William Saletan on the Forced Marriage of Stem Cell Opponents
Tuesday morning, I drive past the White House on my way to a stem-cell hearing on Capitol Hill. It feels like one of those basketball playoff series that go back and forth from one city to the other. A month and a half ago, proponents of embryonic stem cell research—for simplicity's sake, I'll call them the pros—pushed a research funding bill through the House, establishing their supremacy in Congress. Then the series moved to the White House, where the antis scored a victory as President Bush pledged to veto the bill.Now the series moves back to Congress. The pros have orchestrated this hearing. All the senators present are on their side, as are three of the four advocates scheduled to testify. The lone anti witness, Stanford biologist Bill Hurlbut, serves on Bush's bioethics council but opens his remarks by quoting President Clinton's. That's what you have to do in the other team's building.
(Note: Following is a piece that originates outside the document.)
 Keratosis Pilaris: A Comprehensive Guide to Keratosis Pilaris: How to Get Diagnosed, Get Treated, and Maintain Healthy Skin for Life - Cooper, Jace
But it turns out that the pros aren't in control of this game. In fact, it isn't a game, and this is no longer a series. It has become a dialogue, born of each team's failure to eliminate the other. The pros, by winning a referendum in California last fall and passing the House bill, have forced the antis to propose alternative, non-lethal ways of getting embryonic stem cells. The antis, by offering four such ideas in a report from Bush's bioethics council, have forced the pros to apply their scientific ingenuity to those ideas. The ethics and the science are all mixed up. It's beautiful.